- WHAT TO PRODUCE
Would you reproduce each of the records below precisely, with the pictures left out?
Top of MATERIALS PROVIDED
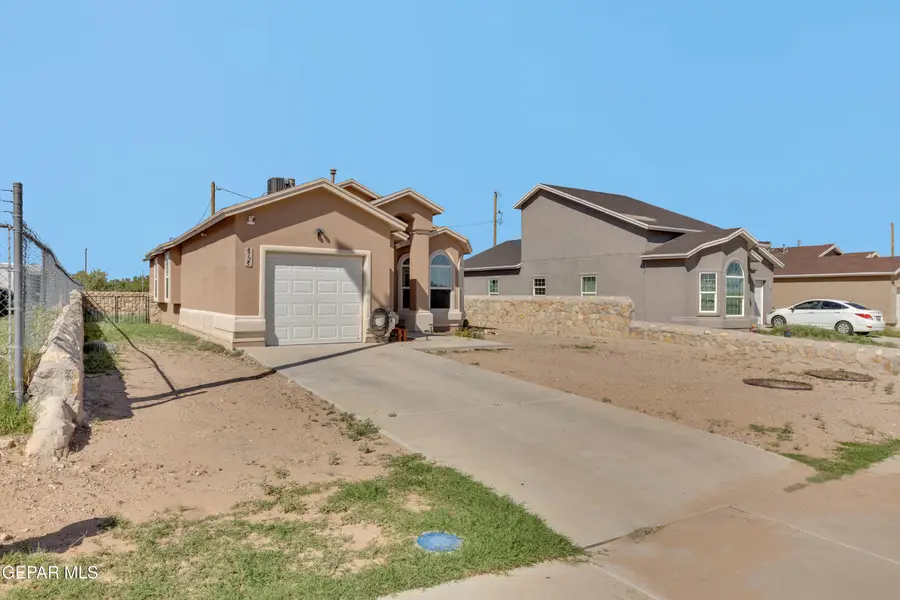 4725 Apollo Avenue, El Paso, TX 79904 - #3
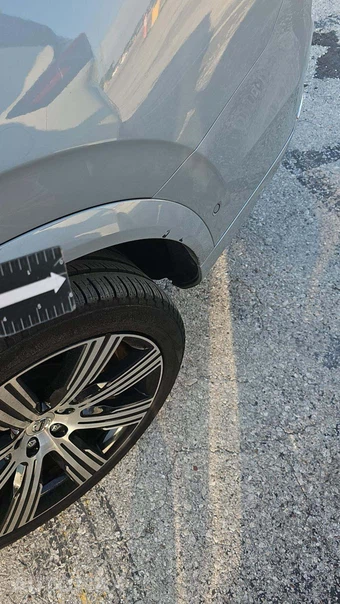 2024 Volvo XC90 Recharge Plug-In Hybrid T8 Plus Bright Theme 7-Passenger – miniatura 24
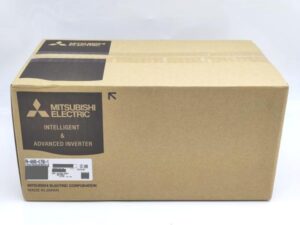 FR-A840-0.75K-1 三菱電機 2025年製 箱いたみあり 新品 FR-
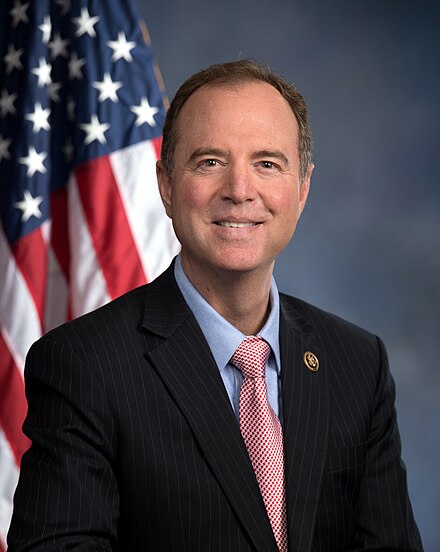 FamousPeopleFacts - Adam Schiff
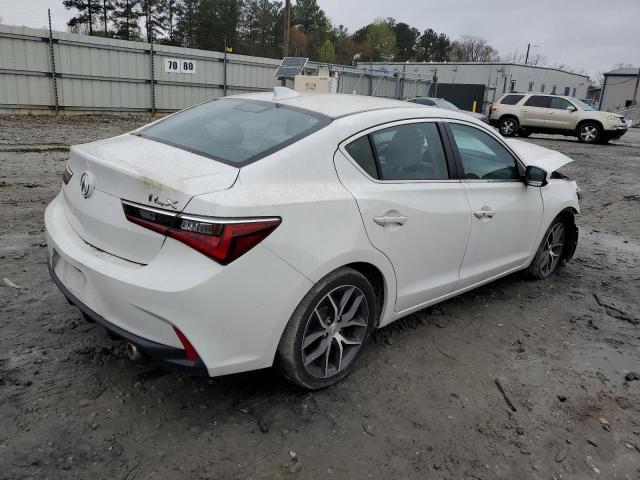 Photo 3 from auction – 2019 ACURA ILX PREMIU with VIN 19UDE2F79KA015145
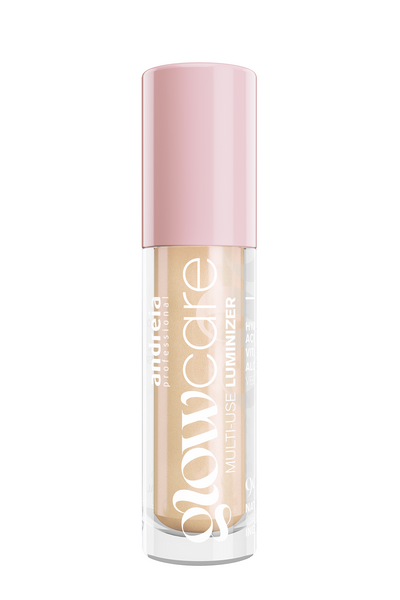Glow Care - Illuminateur Multi-usages 05 - Golden Hour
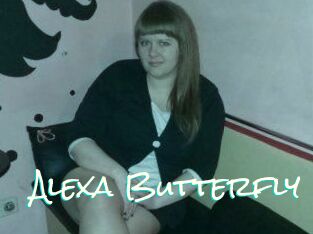 Alexa_Butterfly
Bottom of MATERIALS PROVIDED
- TASK ANSWER
 4725 Apollo Avenue, El Paso, TX 79904 - #3
 2024 Volvo XC90 Recharge Plug-In Hybrid T8 Plus Bright Theme 7-Passenger – miniatura 24
 FR-A840-0.75K-1 三菱電機 2025年製 箱いたみあり 新品 FR-
 FamousPeopleFacts - Adam Schiff
 Photo 3 from auction – 2019 ACURA ILX PREMIU with VIN 19UDE2F79KA015145
Glow Care - Illuminateur Multi-usages 05 - Golden Hour
 Alexa_Butterfly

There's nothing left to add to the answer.